DIRECTIONS FOR THIS TASK
Quote word for word the lines below, beginning with the first and ending with the one that has "A tranquil spot". Drop the pictures.

DATA TO PROCESS

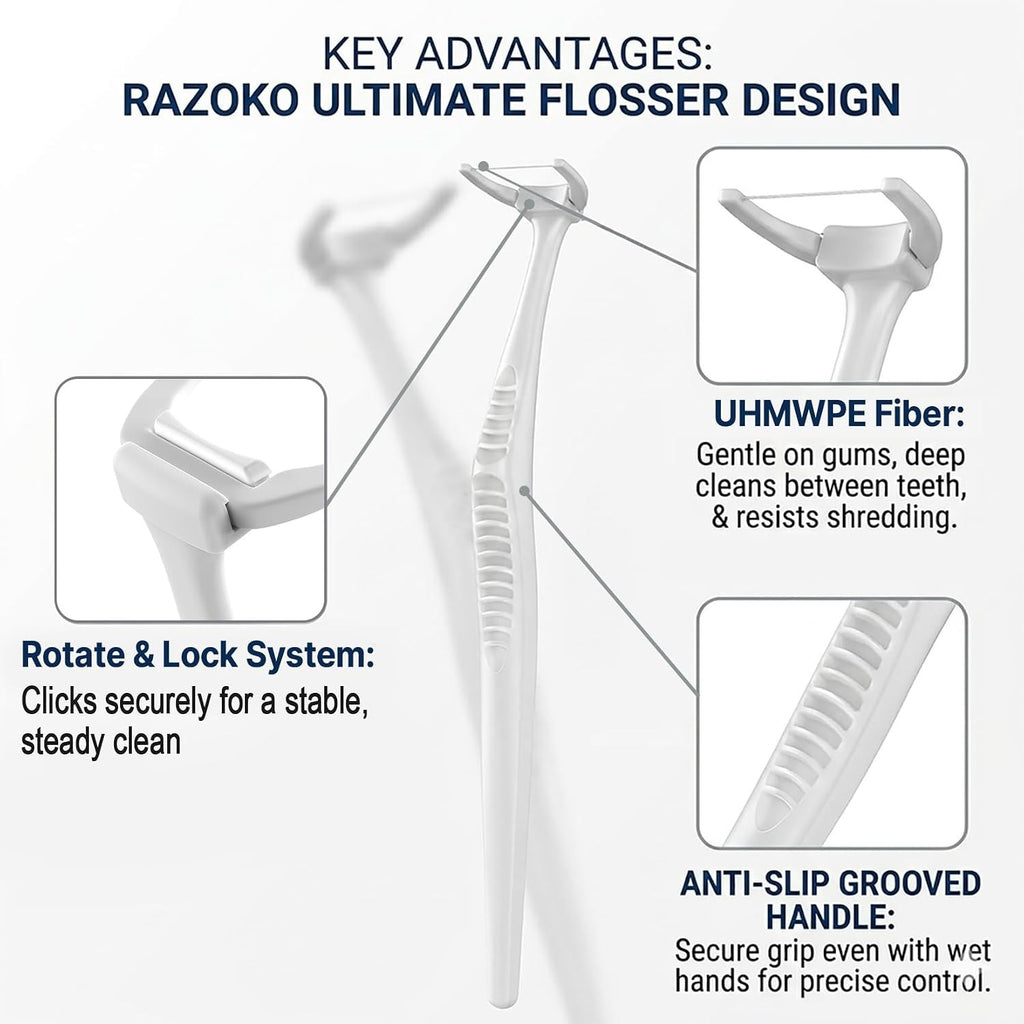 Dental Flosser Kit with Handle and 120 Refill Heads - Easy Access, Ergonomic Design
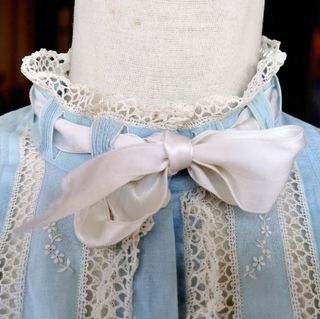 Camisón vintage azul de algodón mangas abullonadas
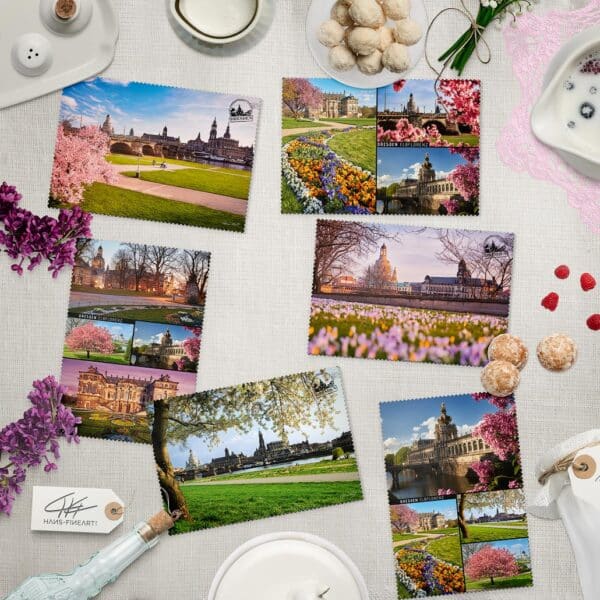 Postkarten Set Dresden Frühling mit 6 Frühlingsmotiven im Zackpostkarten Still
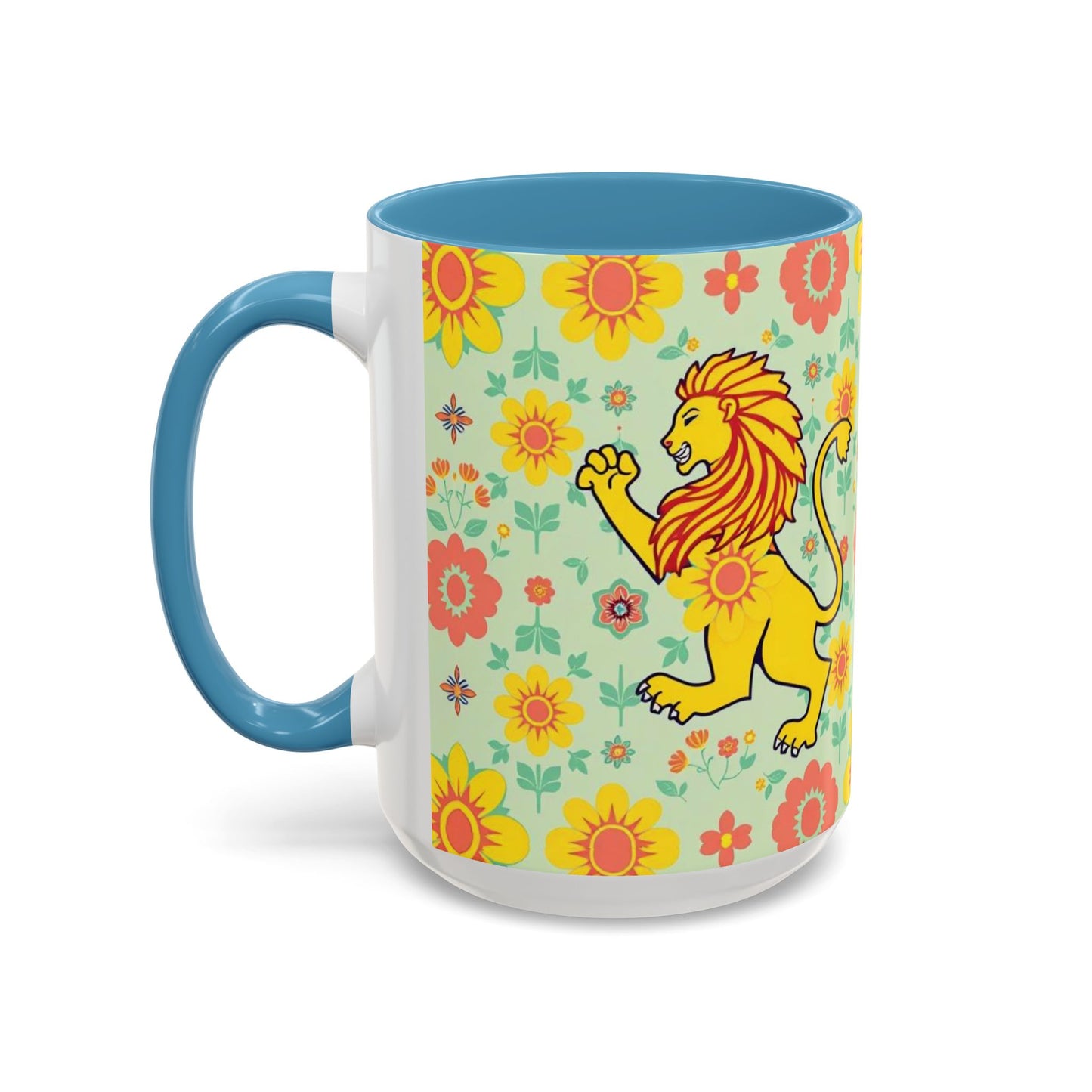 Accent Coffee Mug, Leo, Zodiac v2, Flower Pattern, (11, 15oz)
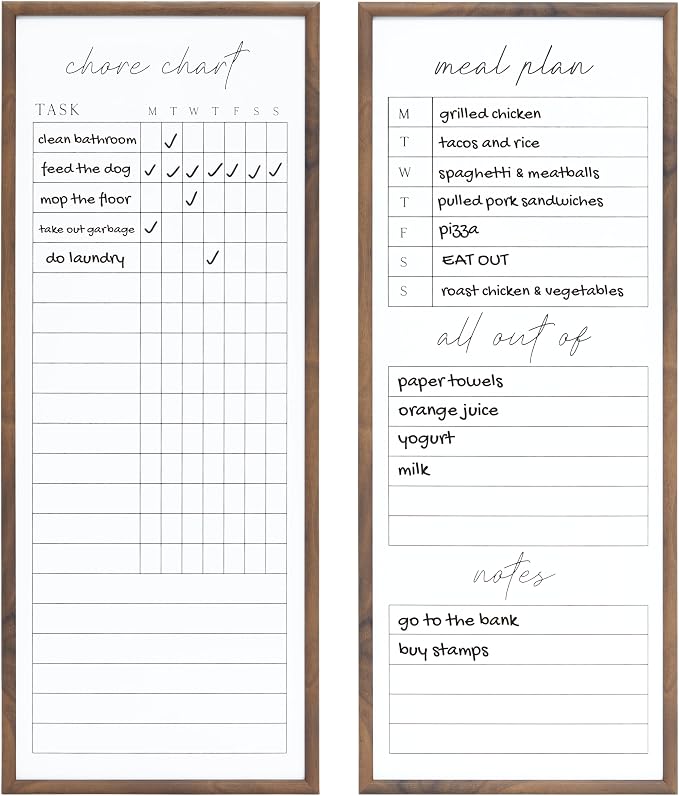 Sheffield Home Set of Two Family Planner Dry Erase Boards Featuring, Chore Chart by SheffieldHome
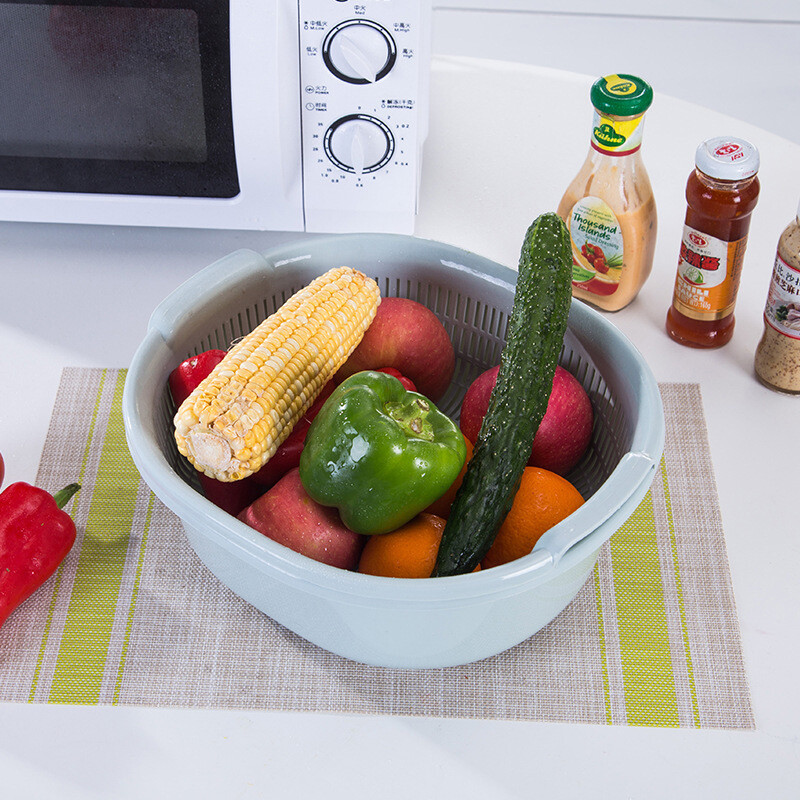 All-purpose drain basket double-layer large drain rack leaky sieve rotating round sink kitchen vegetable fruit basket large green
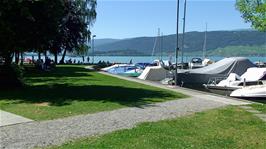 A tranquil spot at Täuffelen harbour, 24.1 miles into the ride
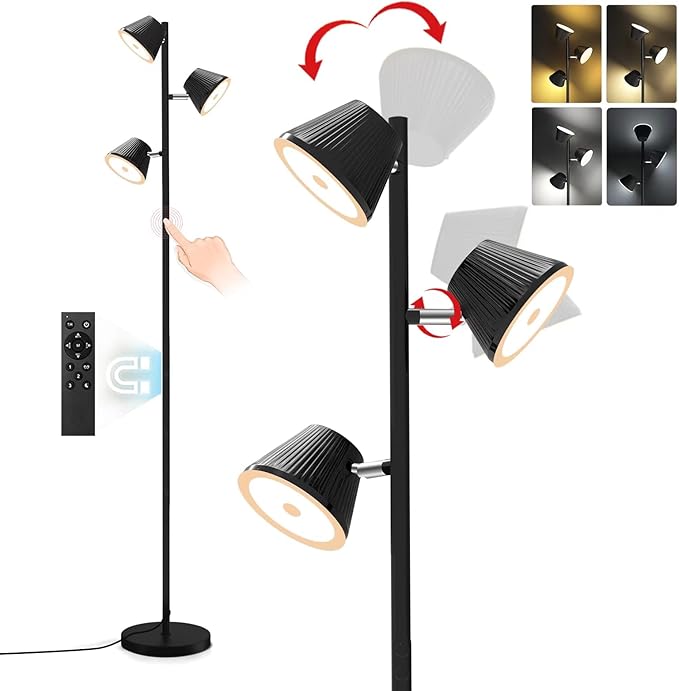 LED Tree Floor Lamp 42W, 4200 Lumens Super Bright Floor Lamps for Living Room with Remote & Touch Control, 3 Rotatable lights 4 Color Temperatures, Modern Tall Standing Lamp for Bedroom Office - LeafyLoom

WRITTEN ANSWER
 Dental Flosser Kit with Handle and 120 Refill Heads - Easy Access, Ergonomic Design
 Camisón vintage azul de algodón mangas abullonadas
 Postkarten Set Dresden Frühling mit 6 Frühlingsmotiven im Zackpostkarten Still
 Accent Coffee Mug, Leo, Zodiac v2, Flower Pattern, (11, 15oz)
 Sheffield Home Set of Two Family Planner Dry Erase Boards Featuring, Chore Chart by SheffieldHome
 All-purpose drain basket double-layer large drain rack leaky sieve rotating round sink kitchen vegetable fruit basket large green
 A tranquil spot at Täuffelen harbour, 24.1 miles into the ride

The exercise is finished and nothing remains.